Soudain, une voix dit : "Viens, amour, je te prends avec moi !" C'était un vieillard qui avait parlé.
L'amour se sentit si reconnaissant et plein de joie qu'il en oublia de demander son nom au vieillard. Lorsqu'ils arrivèrent sur la terre ferme, le vieillard s'en alla. L'amour réalisa combien il lui devait et demanda au savoir : "Qui m'a aidé ?"
"C'était le temps !" répondit le savoir. "Le temps ? s'interrogea l'amour, mais pourquoi le temps m'a-t-il aidé ?" Le savoir sourit, plein de sagesse, et répondit : "C'est parce que seul le temps est capable de comprendre combien l'amour est important dans la vie !"
Technique oratoire
Comme vous le constatez vous-mêmes, ce texte, que personne ne connaît, est puissant et émouvant. Pour en augmenter l'impact, il va falloir jouer sur votre respiration. Inspirez avant de dire le début d'une phrase. Faites une pause à chaque point (de ponctuation) en fin de phrase et une demi-pause à chaque virgule. C'est très important, car c'est ce qui donne du relief à vos propos. Après la question "Qui m'a aidé "?, faites une double pause.
Faites à nouveau une double pause après "Pourquoi le temps m'a-t-il aidé ?", puis soignez bien votre phrase finale, de la façon suivante :
- Lorsque vous dites "Le savoir sourit, plein de sagesse, et répondit…", regardez le public et souriez vous aussi.

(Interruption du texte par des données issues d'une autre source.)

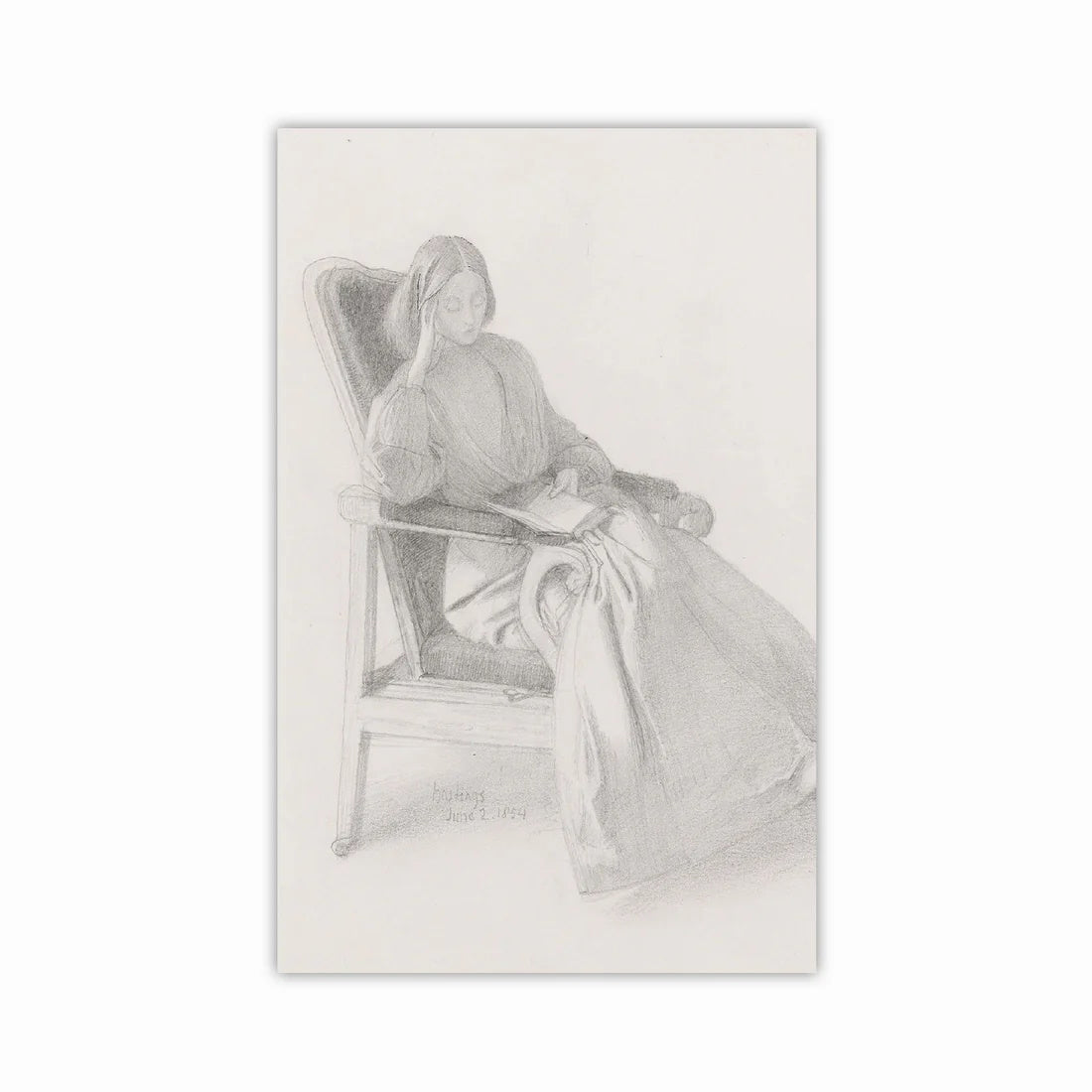 Women Reading Notecard Pack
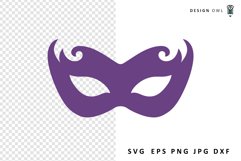 mask svg for cricut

Cela donnera une vie et une sensation d'implication à vos propos, et vous permettra de faire une triple pause en imposant une forme de suspense.
- Vient le moment de dire le final de ce texte : "C'est parce que seul le temps est capable de comprendre combien l'amour est important dans la vie !"
Il faut que vous disiez cela calmement, comme si vous marteliez ces mots
En faisant ainsi, vous savourerez ce que vous venez de dire. Vous aurez la satisfaction d'avoir fait quelque chose de beau et de puissant. Car, non, n'ayons pas honte, nous aussi nous avons le droit d'être satisfait de notre travail et d'y prendre du plaisir. Dans l'ensemble, vous devrez lire ce texte sans précipitation, car vous lui enlèveriez sinon toute sa puissance.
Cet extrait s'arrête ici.